The same goes for free speech. On the web, Dave Winer urges us to do the equivalent of walking toward a window. Walk out of the silo, go to where free speech moves freely through the air. He writes:
One of the things we can do to preserve freedom is to resume using the open internet to communicate instead of the silos of Zuck and Musk et al. When you use the web instead of a silo you are helping build community outside, where free speech is the default. The more of us who communicate outside, the more people will be attracted. Your participation helps draw people out, where independent developers can create new tools for you without waiting for permission of big companies who own the network you're using. It's like voting. The more people do it, the stronger we all are.
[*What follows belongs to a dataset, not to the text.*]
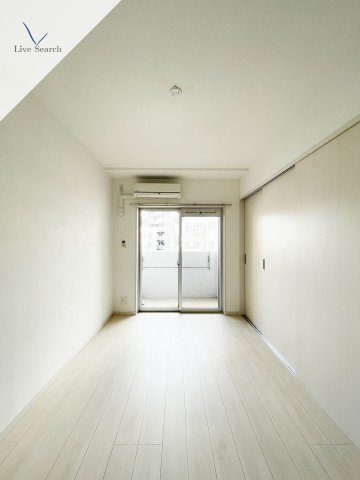 居室・リビング　類似別物件の写真です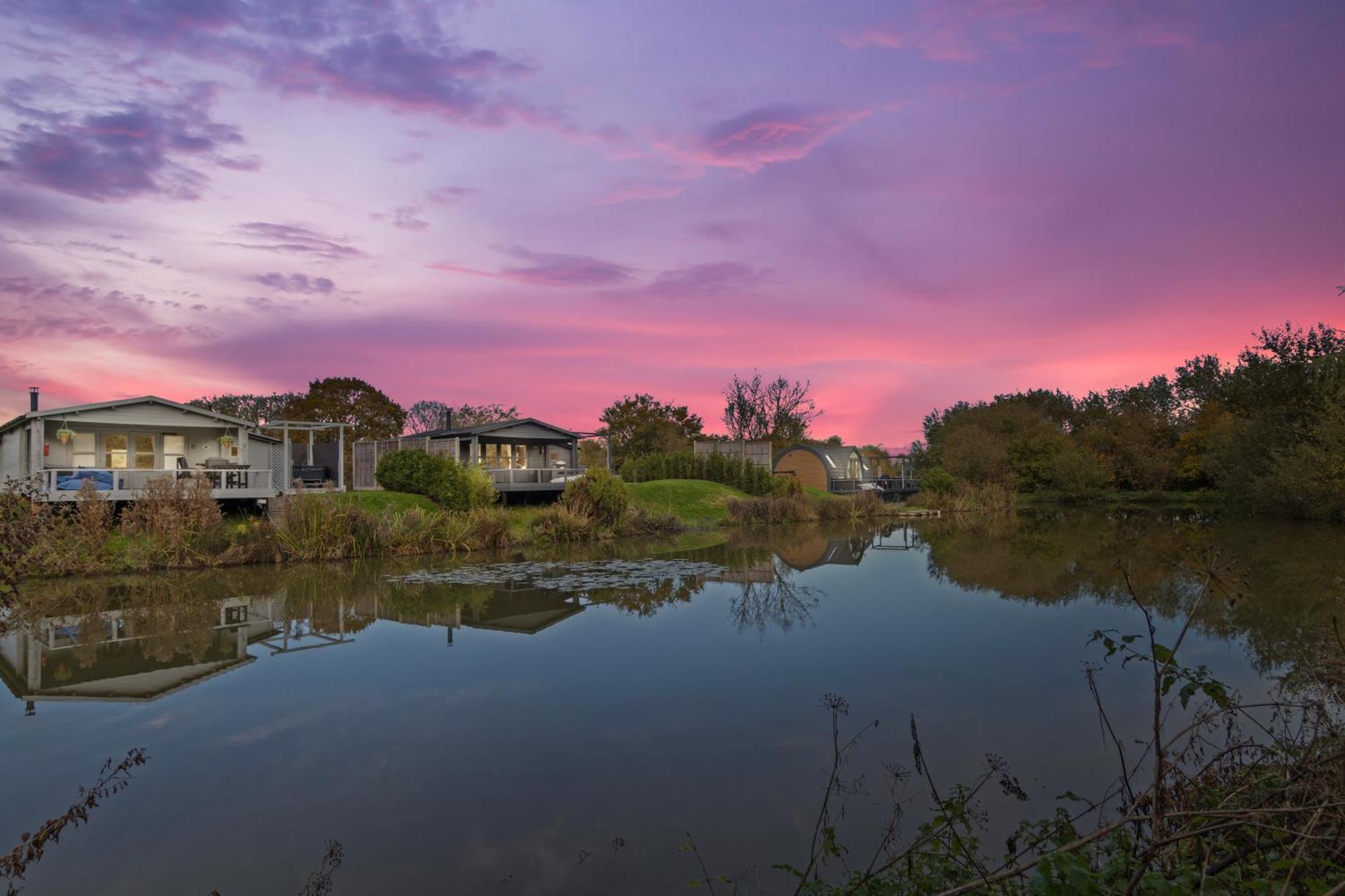 ארונדל Choller Lake Lodges - Primrose Cabin With Private Hot Tub מראה חיצוני תמונה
The principle here is far-reaching, not just for the web —
- Behave as though a narrow space designed by others for their purposes, not yours, is good enough for you, and you signal that to the wider group: “This narrow space is good enough for you, too!”
- Behave as though you should be free, that you are free to move freely, speak freely in a space that suits you, and you signal to the wider group that they deserve the same opportunities. “We deserve an open space for creativity, freedom, and partnership, and we shall have it. Maybe we already do.”
When we see a group of people living in creativity, freedom, and partnership over there, we tend to say, “Let’s go over and see if we can join in.” We say, “We’ll have what they’re having!”
When, asserting our principles, we put down a marker asserting our own individual freedom, that marker and those principles create a little better chance for the other person’s freedom too.
Vaclav Havel wrote about living in truth. Think carefully about what you really value, and live as free as you can in the powerful truth of it. Doing so will inspire your friends and neighbors toward their own freedom and it will drive the power-hungry in their towers a little bit crazy. This was part of what he called the power of the powerless.